Candlelit dinners replete with a fine bottle of wine, diamonds, roses or imported chocolates. If you haven’t planned or purchased something from this list, you’re more than likely going to have a horrifying night (and you won’t get lucky either) this Feb. 14th. Why? Because unrealistic expectations are not just about women, but men too. We all fall into the Valentine’s Day trap and beyond. The problem with romantic fantasy is that it starts long before our first big Valentine’s purchase or even before our first kiss. We’ve been hearing the “happily-ever-after” fairy tales since we were in kindergarten and we’ve grown up with a steady diet of the diamonds-are-forever commercials.

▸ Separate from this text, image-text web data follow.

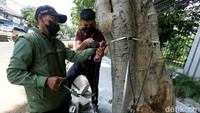 Salah satu pohon beringin yang diperiksa ternyata memiliki kelapukan yang tinggi dan direkomendasikan untuk ditebang.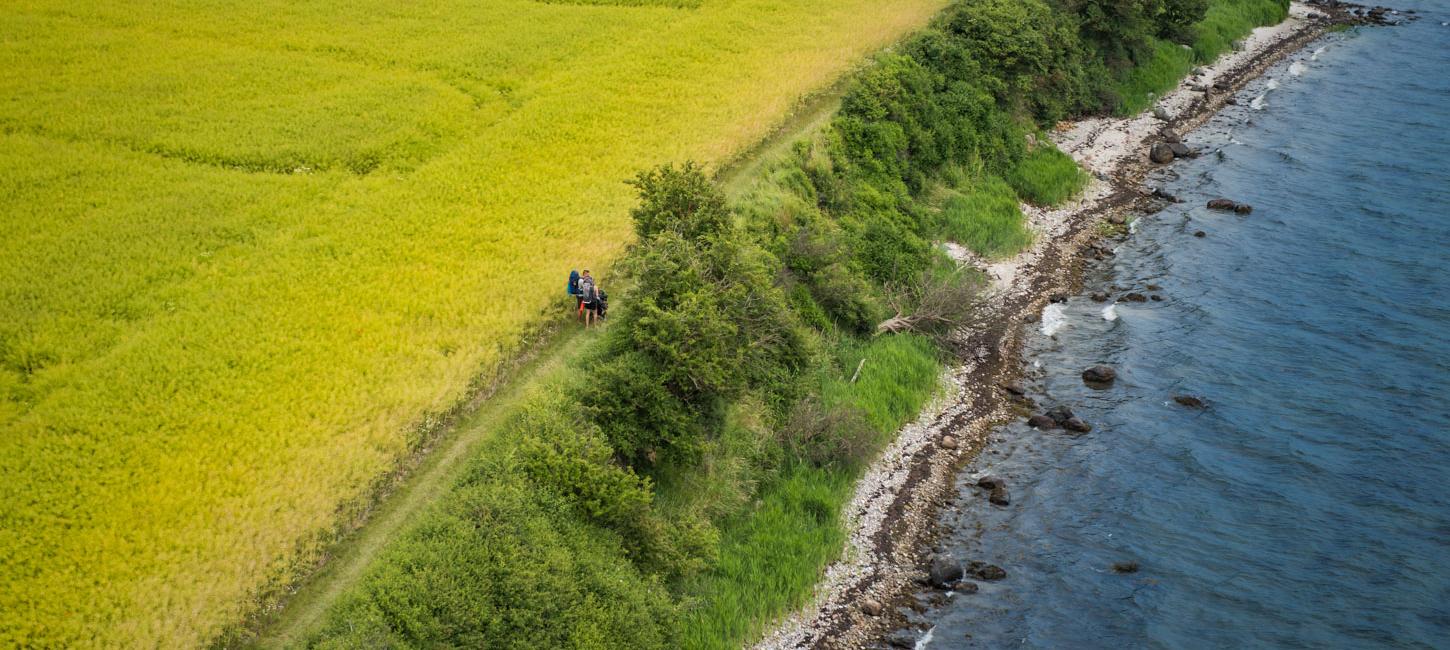 Dronefoto af to vandrere på en sti med en gul rapsmark på den ene side og blåt hav på den anden side.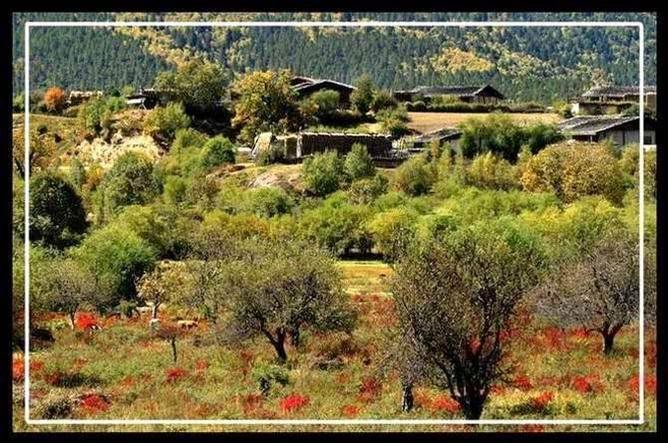 http://i227.photobucket.com/albums/dd236/susan8652/Shangri-La%20-%20the%20legendary%20paradise/11.jpg?t=1193813609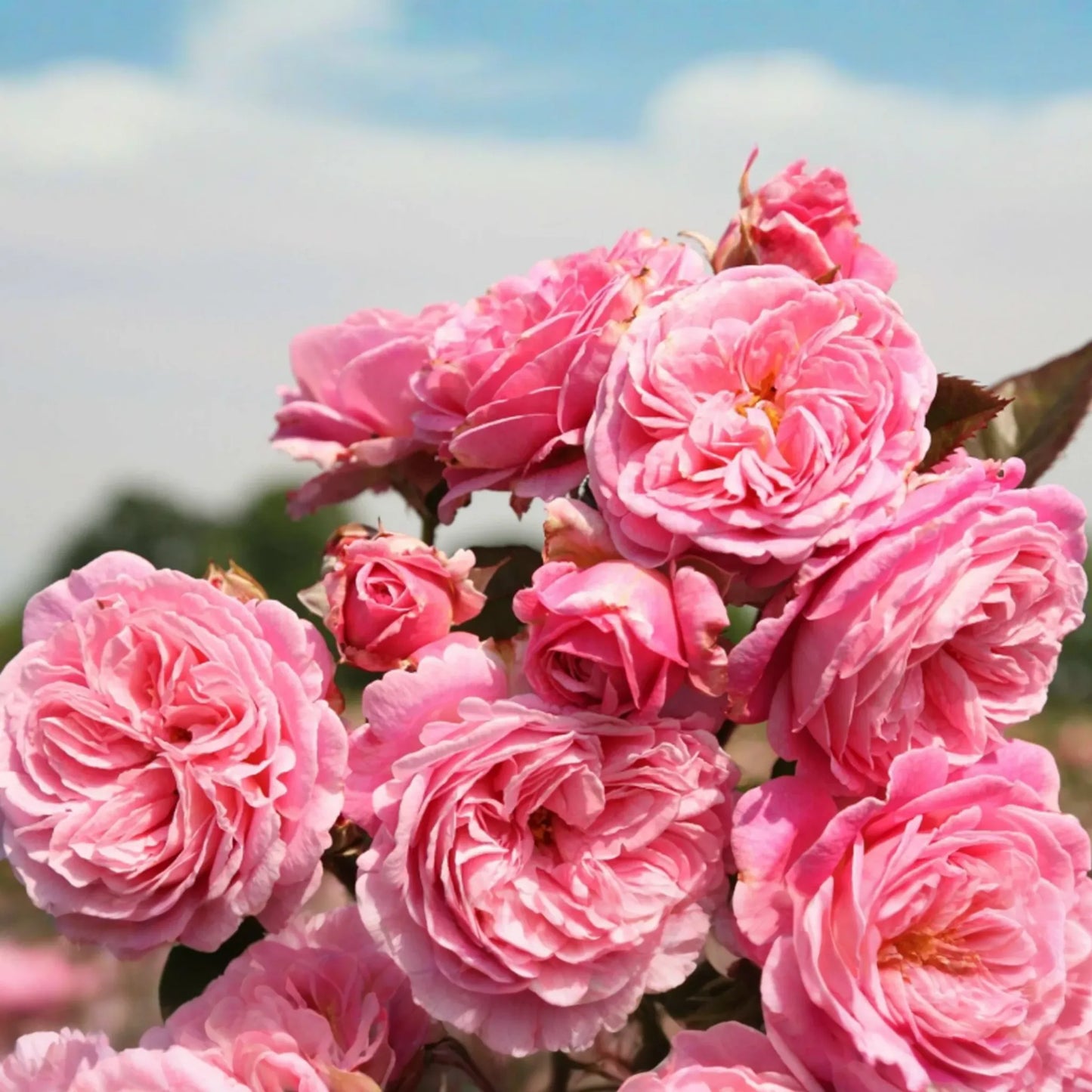 Summer Romance Rose - 1.5 Gal | Fragrant Pink Floribunda | Own-Root | Rebloomer | Apple & Licorice Scent | Hardy Zones 5-10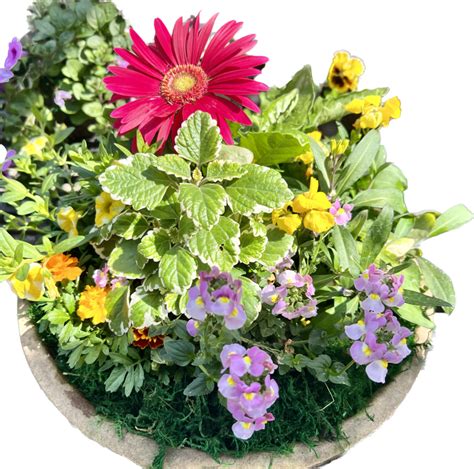 Planters for Mother's Day - Planters Place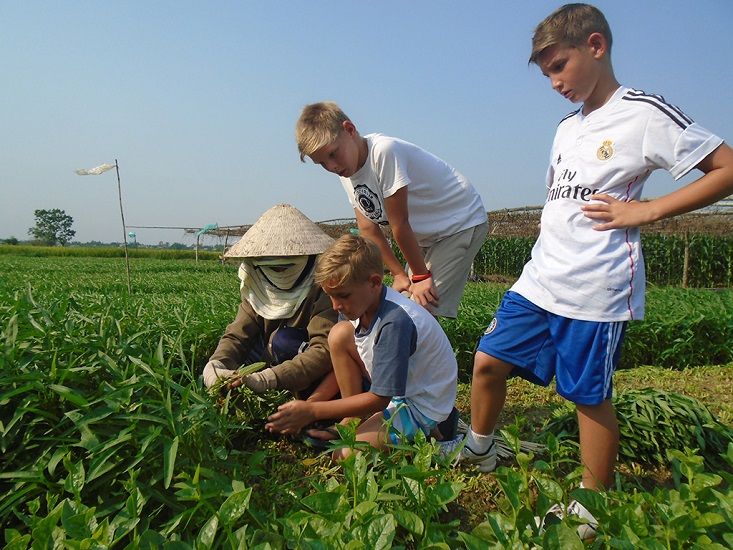 Tra Que Vegetable Village
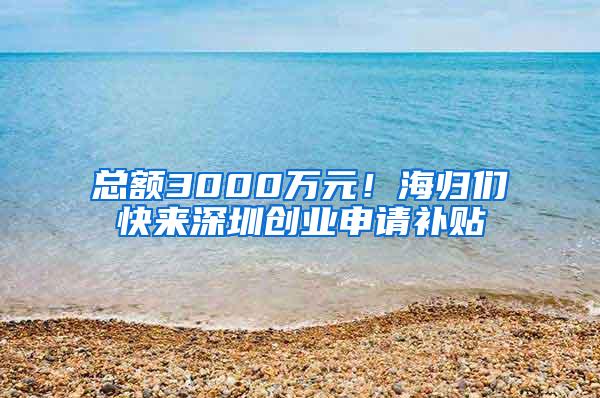 总额3000万元！海归们快来深圳创业申请补贴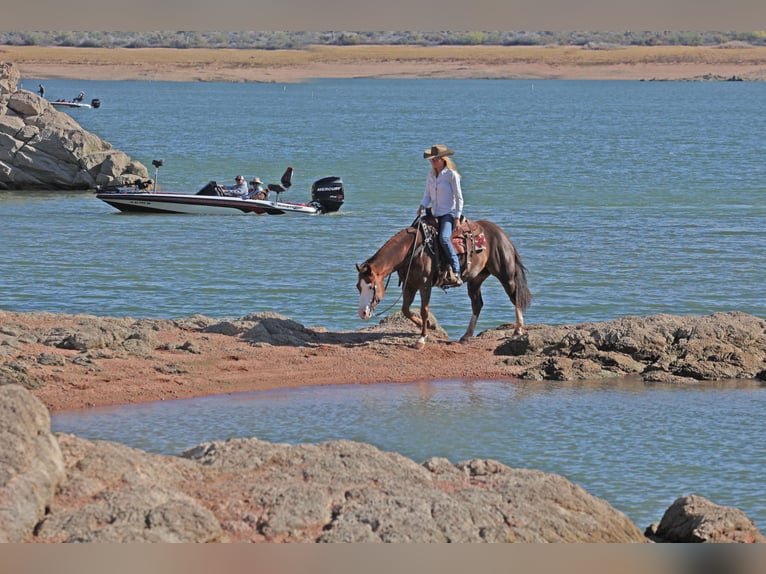 American Quarter Horse Giumenta 6 Anni 150 cm Sauro ciliegia in Cave Creek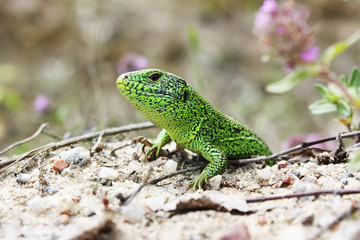 green lizard sitting on the earth.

The commercialization of Valentine’s Day has given rise to great expectations and just as often great disappointments if the gift giving is not enough to meet our romantic fantasy. These expectations have evolved over time and, with the help of jewelers and car makers, have encapsulated our longings to be loved with an equally open wallet. This profligate giving of expensive tokens has become the opportunistic statement of our enduring emotional wishes. We all want someone to think we’re special, that we can’t live without them! What better means of satiating our need to be loved than coughing up a diamond or two. The problem is that we may not have the means to meet the need.

So it is with Valentine’s Day. As our expectations soar with the coming of this much ballyhooed holiday, we can make out the problems that may come with it. It is not that gift giving is bad or that we should not give them but if we are making a connection between the size and cost of the gift with the quality of our love, we are creating an expectation that can cause a deep emotional rift in what may be an otherwise healthy relationship.

Ted Huston, a professor at the University of Texas, developed a project in 1979 that followed 168 married couples for 14 years to see what factors were present in successful long term marriages. He found that couples who entered their relationship with high expectations were far more likely to experience conflict and disenchantment.

Huston found that even though there is a change from courtship to marriage in the adage that “all finance’s love football” it will not ultimately ruin our relationship. He concludes that the greatest harbinger of hope for couples is, of all things, friendship. It appears that those couples who managed to keep their expectations realistic and concentrated more on the way they interacted with each other proved to be a winner over the long haul.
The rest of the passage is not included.